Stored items
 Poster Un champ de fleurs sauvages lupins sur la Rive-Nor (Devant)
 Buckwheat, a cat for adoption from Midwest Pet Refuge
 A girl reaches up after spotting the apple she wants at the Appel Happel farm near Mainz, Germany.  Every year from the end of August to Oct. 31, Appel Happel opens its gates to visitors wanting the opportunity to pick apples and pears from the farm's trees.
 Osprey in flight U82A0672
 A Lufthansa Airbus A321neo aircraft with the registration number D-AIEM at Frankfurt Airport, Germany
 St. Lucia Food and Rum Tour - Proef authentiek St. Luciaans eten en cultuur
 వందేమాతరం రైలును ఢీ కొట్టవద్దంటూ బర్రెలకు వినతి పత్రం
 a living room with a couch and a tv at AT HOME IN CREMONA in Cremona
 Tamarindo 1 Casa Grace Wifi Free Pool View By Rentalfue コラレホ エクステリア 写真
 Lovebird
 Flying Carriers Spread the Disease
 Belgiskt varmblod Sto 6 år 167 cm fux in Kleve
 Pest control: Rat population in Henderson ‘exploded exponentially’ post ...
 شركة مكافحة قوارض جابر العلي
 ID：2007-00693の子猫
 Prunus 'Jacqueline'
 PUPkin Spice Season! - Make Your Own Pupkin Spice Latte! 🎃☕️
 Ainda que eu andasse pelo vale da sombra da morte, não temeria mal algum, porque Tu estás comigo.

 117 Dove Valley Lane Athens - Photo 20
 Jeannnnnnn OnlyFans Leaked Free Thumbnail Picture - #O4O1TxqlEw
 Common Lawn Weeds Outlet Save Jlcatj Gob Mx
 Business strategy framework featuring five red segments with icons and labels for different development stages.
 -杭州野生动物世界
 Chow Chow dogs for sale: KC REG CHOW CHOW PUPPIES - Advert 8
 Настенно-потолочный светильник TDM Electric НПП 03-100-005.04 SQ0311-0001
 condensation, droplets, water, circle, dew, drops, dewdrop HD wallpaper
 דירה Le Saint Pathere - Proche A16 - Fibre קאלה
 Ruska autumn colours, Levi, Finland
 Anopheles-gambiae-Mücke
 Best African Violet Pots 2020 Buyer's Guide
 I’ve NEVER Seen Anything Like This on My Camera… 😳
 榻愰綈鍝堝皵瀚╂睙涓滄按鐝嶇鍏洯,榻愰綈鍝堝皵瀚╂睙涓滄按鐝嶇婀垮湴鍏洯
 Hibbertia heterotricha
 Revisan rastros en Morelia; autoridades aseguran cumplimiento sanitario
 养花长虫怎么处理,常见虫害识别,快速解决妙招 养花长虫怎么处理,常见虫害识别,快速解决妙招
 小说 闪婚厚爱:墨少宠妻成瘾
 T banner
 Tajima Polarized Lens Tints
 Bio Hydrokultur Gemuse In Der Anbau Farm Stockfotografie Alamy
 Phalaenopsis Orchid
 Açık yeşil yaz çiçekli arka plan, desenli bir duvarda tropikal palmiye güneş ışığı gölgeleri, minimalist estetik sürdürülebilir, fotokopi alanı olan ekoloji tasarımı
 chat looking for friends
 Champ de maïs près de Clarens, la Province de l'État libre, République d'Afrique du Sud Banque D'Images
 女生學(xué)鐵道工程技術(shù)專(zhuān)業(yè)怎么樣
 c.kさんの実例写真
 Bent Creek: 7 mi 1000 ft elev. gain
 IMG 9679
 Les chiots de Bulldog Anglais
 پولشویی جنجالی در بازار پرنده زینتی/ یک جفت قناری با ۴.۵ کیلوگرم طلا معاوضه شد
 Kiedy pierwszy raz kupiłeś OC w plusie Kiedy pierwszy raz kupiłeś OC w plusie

• PROBLEM REQUIREMENTS: Return exactly the lines above from the line that has "Jeannnnnnn OnlyFans Leaked" through the line that has "I’ve NEVER Seen", inclusive, and nothing else.

• ANSWER BOX:
 Jeannnnnnn OnlyFans Leaked Free Thumbnail Picture - #O4O1TxqlEw
 Common Lawn Weeds Outlet Save Jlcatj Gob Mx
 Business strategy framework featuring five red segments with icons and labels for different development stages.
 -杭州野生动物世界
 Chow Chow dogs for sale: KC REG CHOW CHOW PUPPIES - Advert 8
 Настенно-потолочный светильник TDM Electric НПП 03-100-005.04 SQ0311-0001
 condensation, droplets, water, circle, dew, drops, dewdrop HD wallpaper
 דירה Le Saint Pathere - Proche A16 - Fibre קאלה
 Ruska autumn colours, Levi, Finland
 Anopheles-gambiae-Mücke
 Best African Violet Pots 2020 Buyer's Guide
 I’ve NEVER Seen Anything Like This on My Camera… 😳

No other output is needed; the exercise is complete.